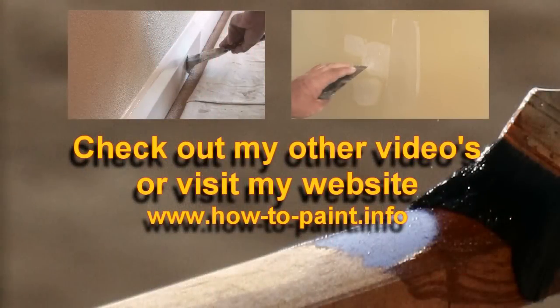So that's just been a bit of a demo on how to fill a hole on a rough surface. Thanks.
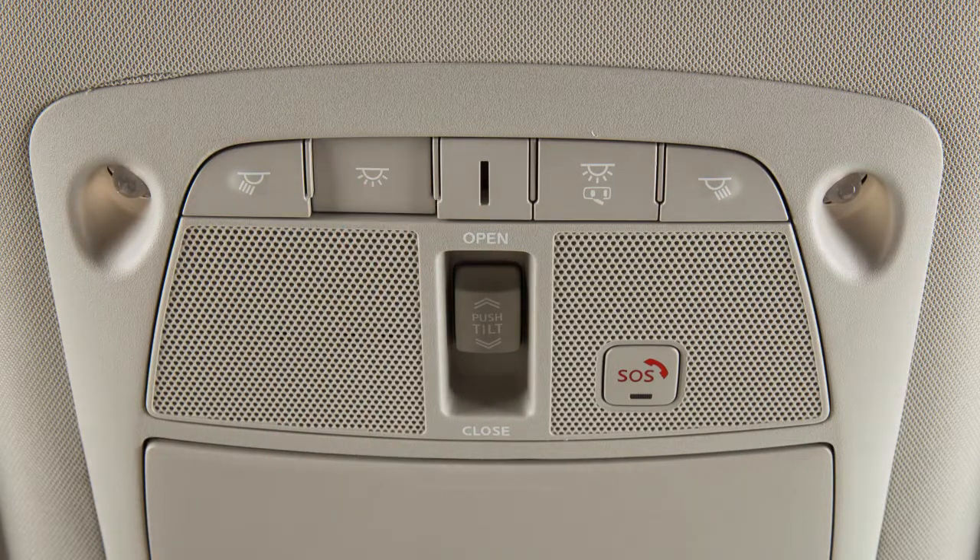Press this button to turn the interior lights on. The lights will illuminate regardless of door positions. Press the button again to return to the neutral position.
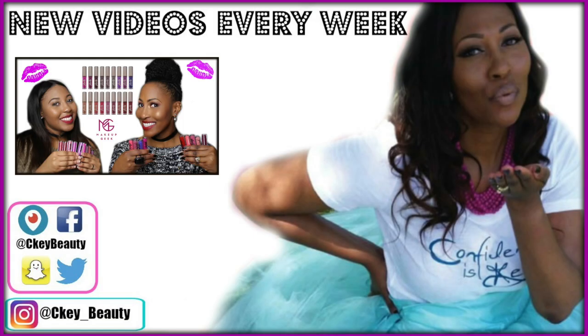Thank you guys so much for watching. Make sure to thumbs up if you like it and make sure to thumbs up if you want the tutorial on the makeup look. I love you guys so much. Have an awesome blessed day and I'll see you sooner than you think. Bye.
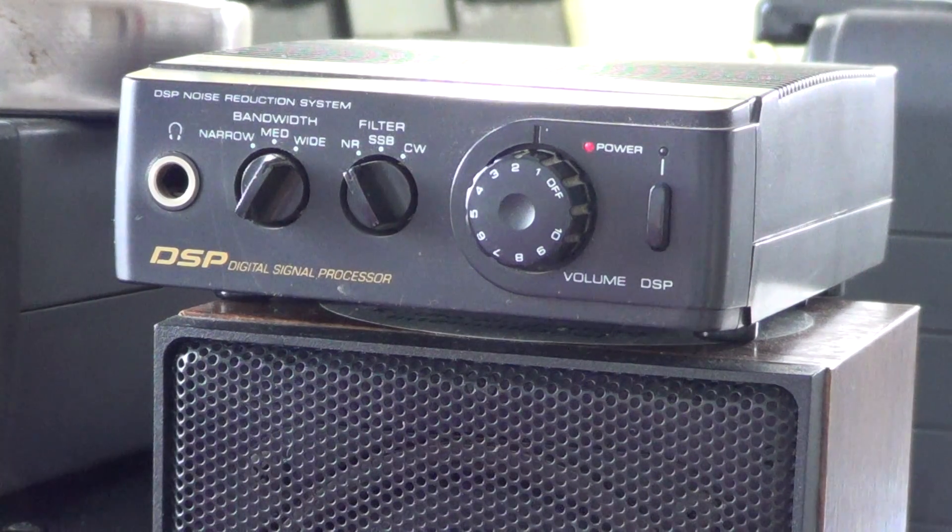Hey there, welcome to the second video of the Realistic DSP-40 digital signal processor unit that you can buy used for anywhere from $20 to $50 on the internet.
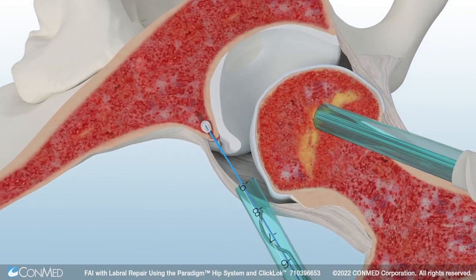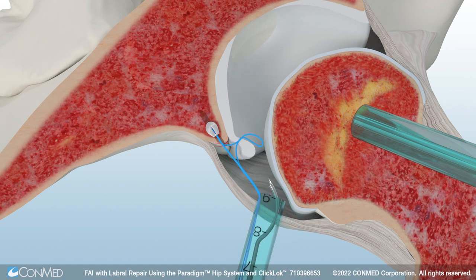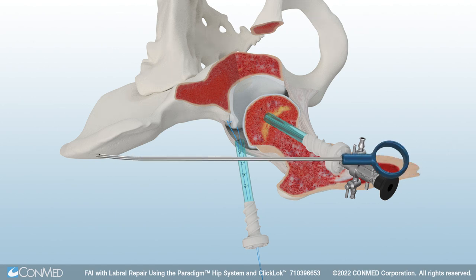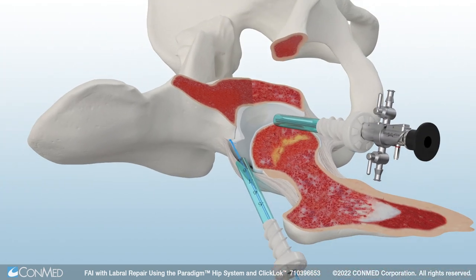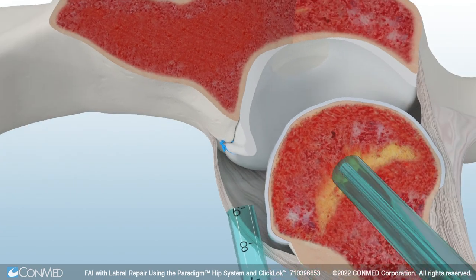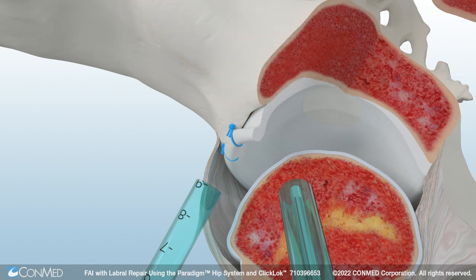Pull straight back on the driver handle, then remove the guide. Use a suture passer to pass the number two hi-fi suture through the labrum. ConMed offers the Paradigm Slim Raven Suture Passer and Slim Suture Retriever for suture passing needs. Next, use the Paradigm Curve Knot Pusher to tie knots to secure the labrum. The knot pusher features a 15-degree curve designed to simplify knot tying in hard-to-reach places. Use the Katana Suture Cutter to cut the suture limbs. This process is then repeated using a second ClickLock Anchor. The small 1.8 mm anchor size preserves crucial bone around the acetabular rim, while the curved delivery system enables ideal anchor placement.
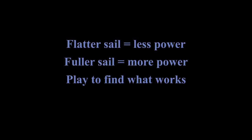So to recap a few of those key points: a flatter sail generally means less power, a fuller sail will generally mean more power. Please go and play with your boats, experiment with these controls, see what happens when you do things with them, and find what will work for you.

» **Required action**
A word-for-word copy is needed of the lines from the line with "Pull straight back" through the last line of the entries above, with both ends kept and the pictures dropped.

» **Answer space**
Pull straight back on the driver handle, then remove the guide. Use a suture passer to pass the number two hi-fi suture through the labrum. ConMed offers the Paradigm Slim Raven Suture Passer and Slim Suture Retriever for suture passing needs. Next, use the Paradigm Curve Knot Pusher to tie knots to secure the labrum. The knot pusher features a 15-degree curve designed to simplify knot tying in hard-to-reach places. Use the Katana Suture Cutter to cut the suture limbs. This process is then repeated using a second ClickLock Anchor. The small 1.8 mm anchor size preserves crucial bone around the acetabular rim, while the curved delivery system enables ideal anchor placement.
So to recap a few of those key points: a flatter sail generally means less power, a fuller sail will generally mean more power. Please go and play with your boats, experiment with these controls, see what happens when you do things with them, and find what will work for you.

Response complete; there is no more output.